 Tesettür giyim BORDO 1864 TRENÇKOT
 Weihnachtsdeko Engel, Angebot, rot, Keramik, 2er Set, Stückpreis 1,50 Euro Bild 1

--

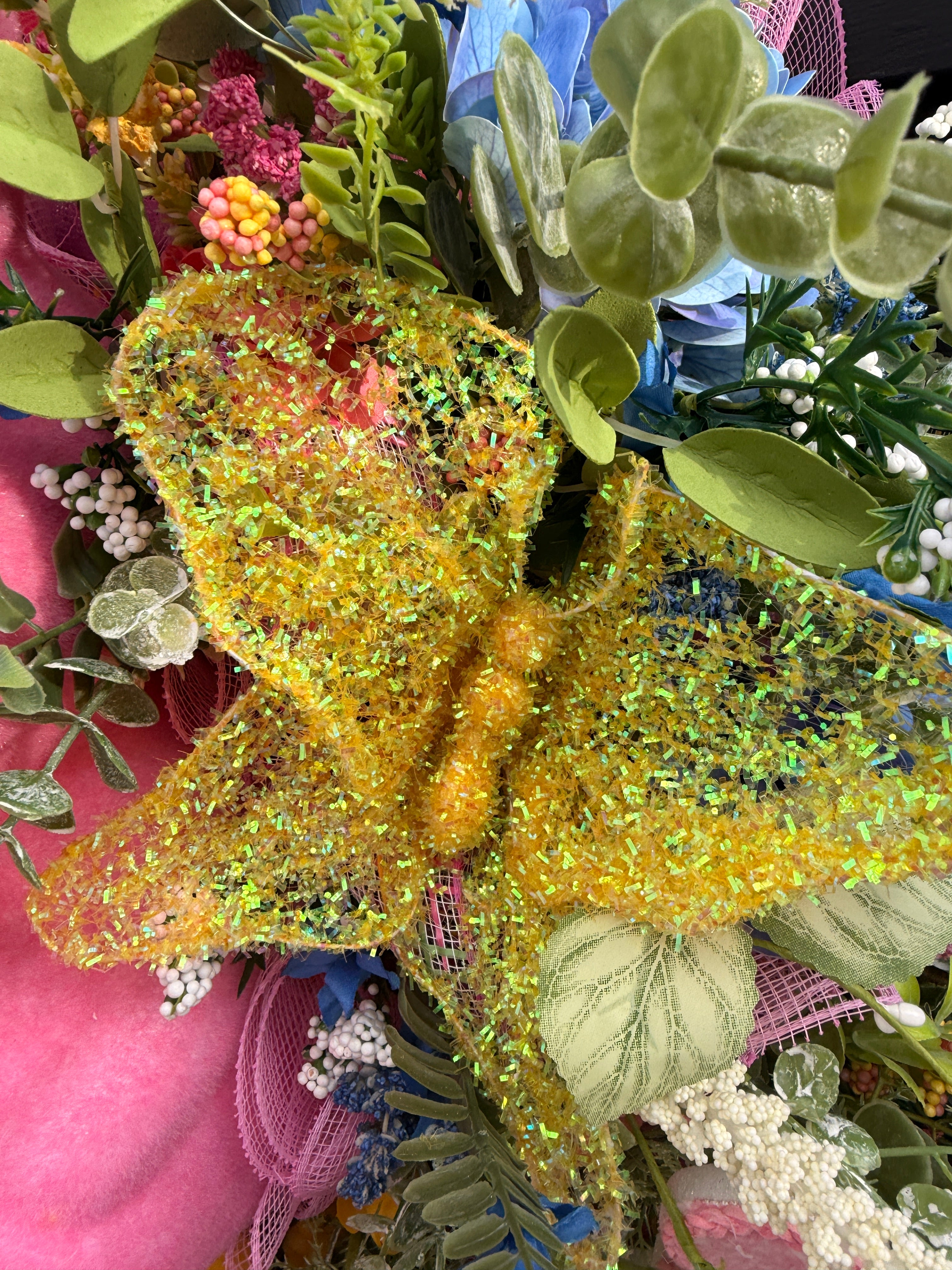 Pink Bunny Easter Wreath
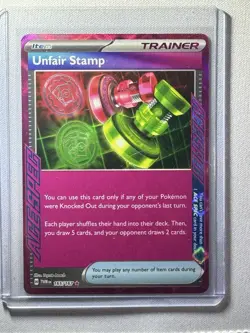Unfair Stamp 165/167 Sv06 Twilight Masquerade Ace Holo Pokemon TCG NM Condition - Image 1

Directions >>
Start with the line above that contains "Tesettür giyim BORDO 1864 TRENÇKOT" and stop after the line that contains "Weihnachtsdeko Engel, Angebot, rot, Keramik, 2er". Output those lines exactly, and only those.

Written response >>
 Tesettür giyim BORDO 1864 TRENÇKOT
 Weihnachtsdeko Engel, Angebot, rot, Keramik, 2er Set, Stückpreis 1,50 Euro Bild 1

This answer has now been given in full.